**WHAT NEEDS TO BE DONE:** Retype every entry word for word. Omit the pictures.

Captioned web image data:
|---|

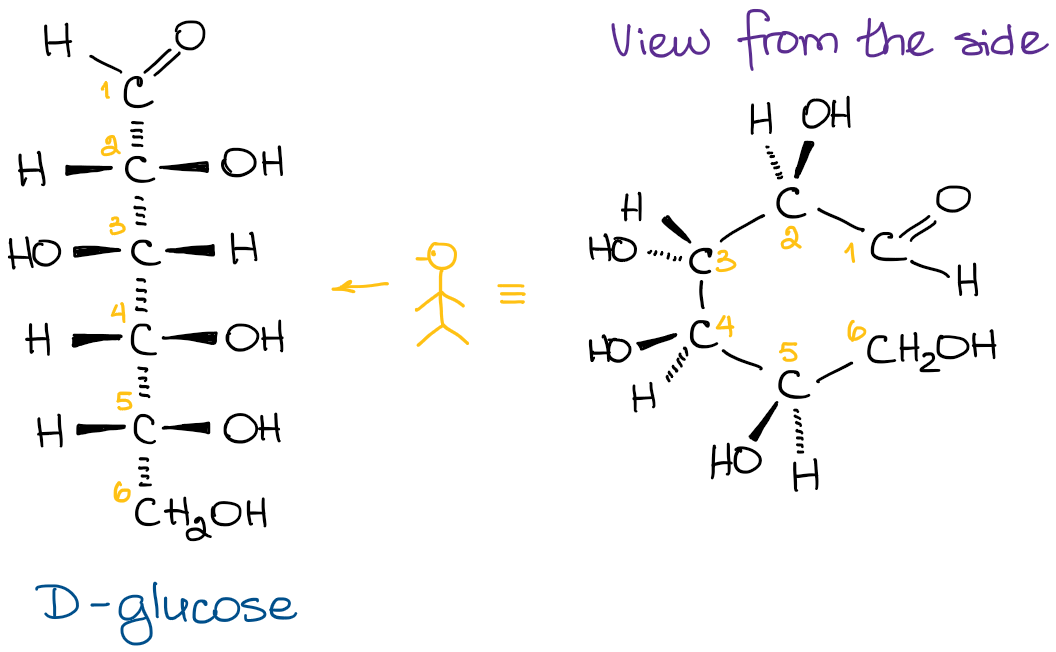 Fischer projections of glucose, view from the side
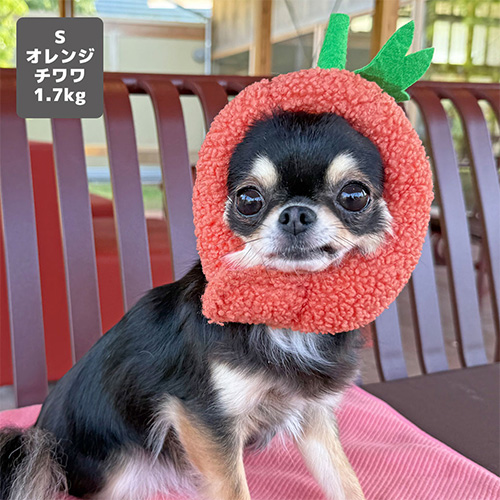 iDog パンプキンスヌード【数量限定】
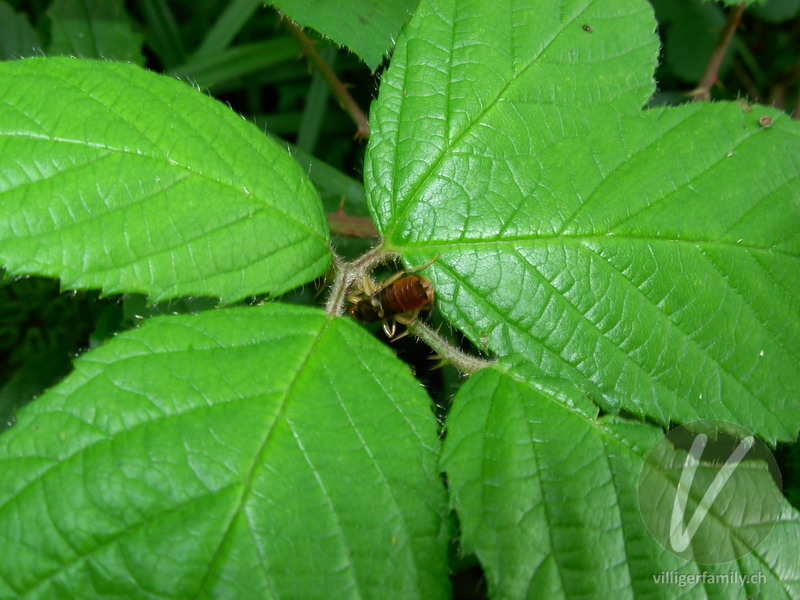 Mondfleckiger Kleinkurzflügler: Übersicht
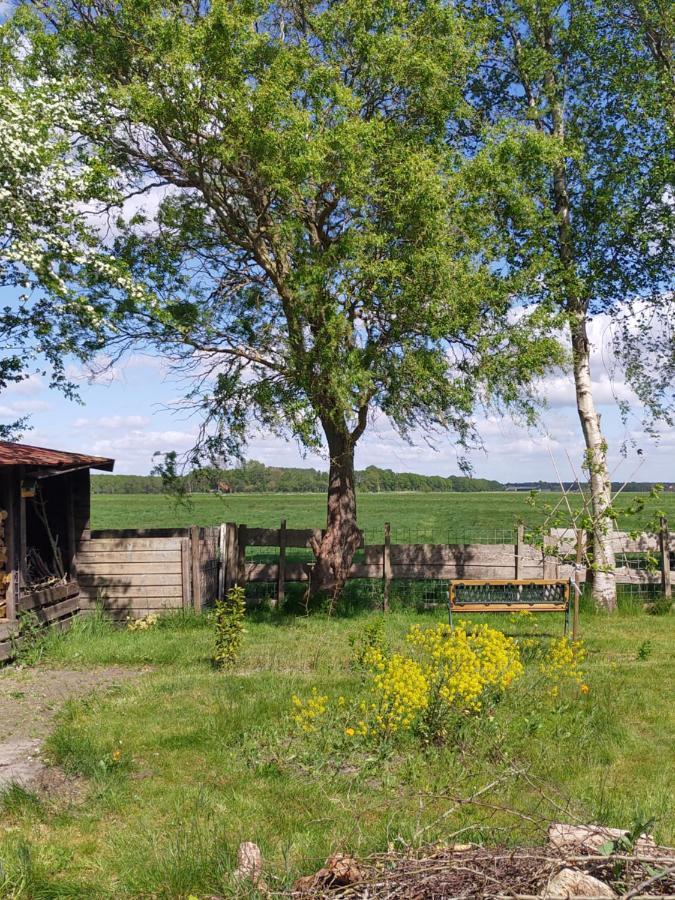 Boven De Wol Bed & Breakfast Appelscha Exterior foto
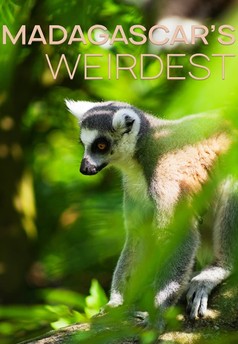 Nejpodivnější živočichové Madagaskaru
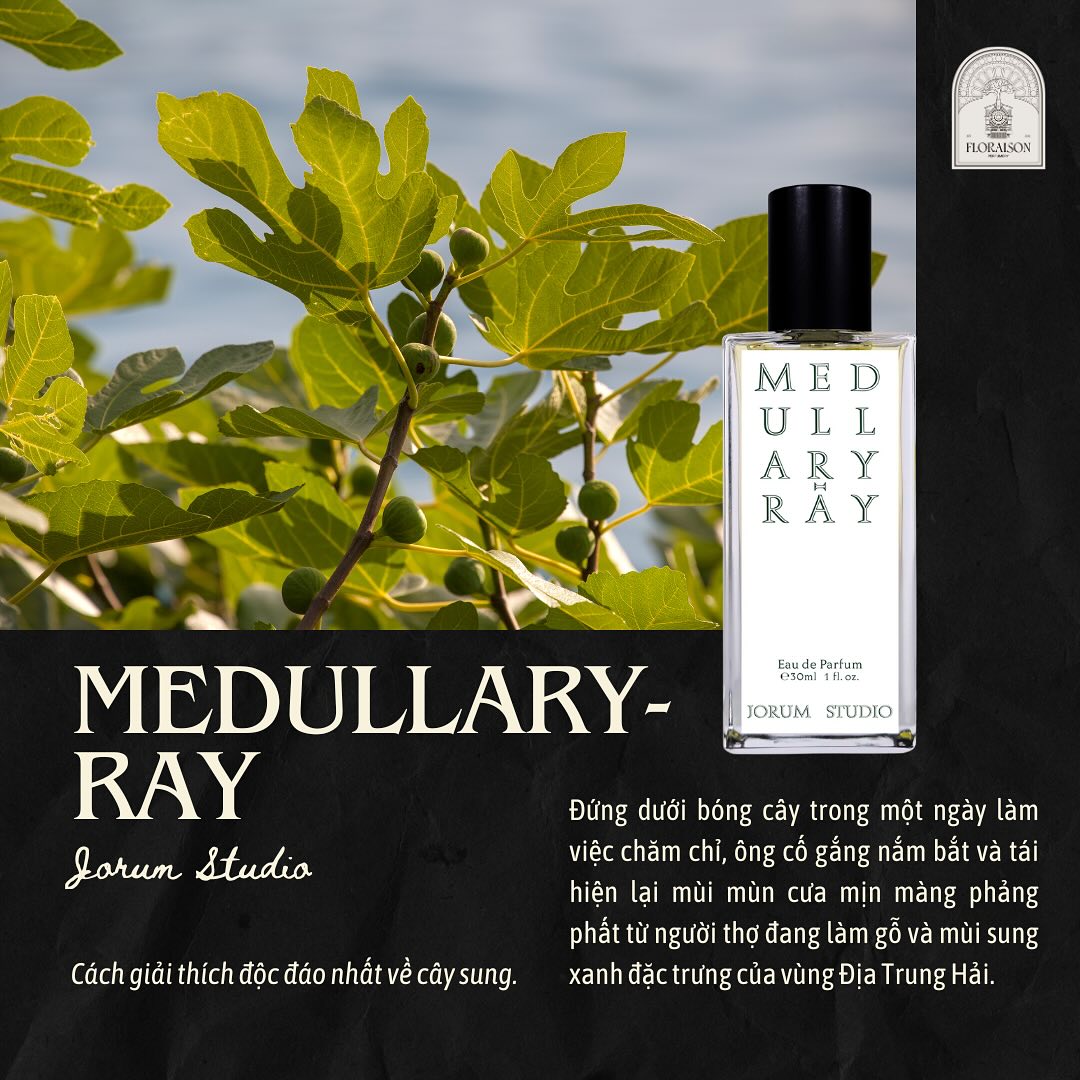 Medullary-ray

|---|

**ANSWER SECTION:**
 Fischer projections of glucose, view from the side
 iDog パンプキンスヌード【数量限定】
 Mondfleckiger Kleinkurzflügler: Übersicht
 Boven De Wol Bed & Breakfast Appelscha Exterior foto
 Nejpodivnější živočichové Madagaskaru
 Medullary-ray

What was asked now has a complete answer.